The Landshut manoeuvre and Ebersberg
In addition to the initial French retreat, the situation was further complicated by communication difficulties. At this beginning of the campaign Napoleon was directing his troops from Paris. Because of poor atmospheric conditions, hindering telegraph transmissions, and the crossing of couriers, contradicting orders were given to Berthier creating much confusion and disorganisation in the actions of the French “Armée d’Allemagne”. The emperor’s arrival on the scene on 17 April, 1809, brought an end to the dithering. Over the following five days (19-23 April) Napoleon was to perform the successful “Landshut manoeuvre” with victories at Tengen, Abensberg, Landshut, Eckmühl, Neumarkt and Ratisbon (Regensburg). The archduke’s troops were forced into a retreat and to race back towards Vienna down the northern bank of the Danube, with French forces keeping pace on the opposite side of the river. The presence and control of bridgeheads was to dictate much of the strategy over the following weeks. One important prize, the last surviving Danube bridge, stood at Linz and another important crossing point stood over the Traun (a Danube tributary) at Ebersberg. Here an extraordinarily bloody battle for control of the bridge took place on 3 May. Eight thousand French troops under Masséna fought for eight hours against 35,000 Austrians under Hiller. At the end of the fighting there were more than 5,000 casualties (dead or wounded), and the village itself became a terrifying monument to the brutality of war. Soldiers passing through the town shuddered at the site of the burnt out buildings and charred corpses scattered throughout.
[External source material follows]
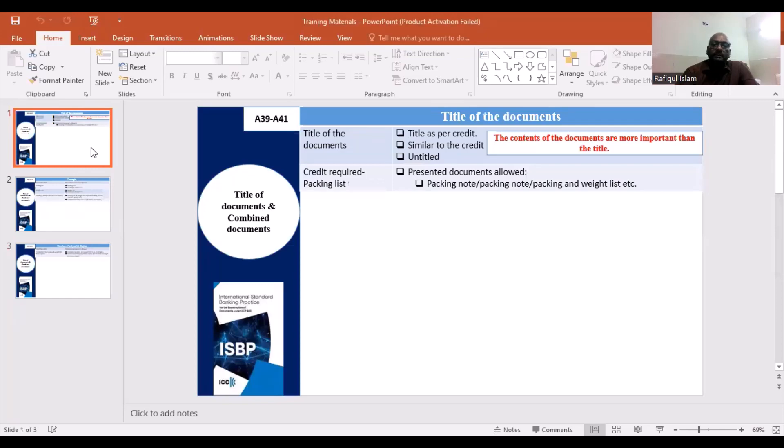For example, we need to use the packing list.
The victory however opened the route to Vienna (Hiller was to continue his retreat, dismantling bridges at Enns and Mauthausen and crossing the Danube at Krems on 8 May). French troops entered the Austrian capital on 12 May. Unlike in 1805, the attitude of the city of Vienna in 1809 was bellicose and aggressive. The archduke Maximilian had attempted to raise a militia in an attempt to prevent the French entering the city. Indeed resistance was such that some parts of the city were to be subjected to bombardment. However after a brief show of force, the city administrators capitulated, bitterly handing over the keys to the city to the invading French and the occupation took place just as it had done three years earlier, kept under tight control by administrators Andréossy and Savary.
Bridges too far
The archduke Karl did not give up the fight however. He concentrated his forces on the northern side of the Danube opposite Vienna, waiting to see what Napoleon would do. The French emperor for his part realised that the longer the campaign lasted the harder it would be for him to control the situation. He thus hurried on the campaign, scouting the south bank of the Danube seeking a suitable place in which to build the bridges that would play such an important role in the outcome of the battle at Aspern/Essling. In the end the French emperor chose to make his crossing from Kaiser-Ebersdorf (just east of Vienna) onto the island of Lobau via two smaller islands, the Schneidergrund and the Lobgrund. The first stretch needed a large bridge and the second a smaller one, but both had to be built across the powerful Danube. Indeed engineers had to work minor miracles just to keep the bridges intact. Construction began on 19 May and was supervised by Napoleon himself; all ranks (officers included) were ordered to help with the construction work. The waters however were much swollen by melted snow and still rising and on 20th May a large ship and other debris smashed into the smaller Schneidergrund/Lobgrund bridge and slightly later the large bridge from Ebersdorf snapped causing a delay of 10 hours in the preparatory operations.2 It required permanent attention to keep them able to bear the thousands of soldiers and huge amounts of logistical materiel needed for the forthcoming battles.
Aspern and Essling
Thus on the first day of the battle, Whitsunday 21 May, Napoleon was on the island of Lobau, cut off from the south bank of the Danube with about 24,000 men and 60 cannon facing the full might of the Austrian Hauptarmee (circa 95,000 men with 200 cannon). Masséna’s 4th corps occupied a position around the larger village of Aspern facing the Austrian right, Molitor’s division lodged in Aspern itself, Lasalle, Espagne, Nansouty from Bessières’ Cavalry division were set in the centre and Boudet with St-Hilaire and Lannes‘ 2nd corps was ranged in and around the smaller village of Essling. As for the Austrian position on that morning, the main army was stationed slightly to the west of Wagram. They received orders early in the morning of 21 to make an attack in five columns. The first, second and third columns were to march down the north bank of the Danube on Aspern. The fourth column was to head for Essling, and the fifth east of Essling for Gross-Enzersdorff. Plans were also laid to sabotage the French bridges by launching boats, floating mills and other debris upstream.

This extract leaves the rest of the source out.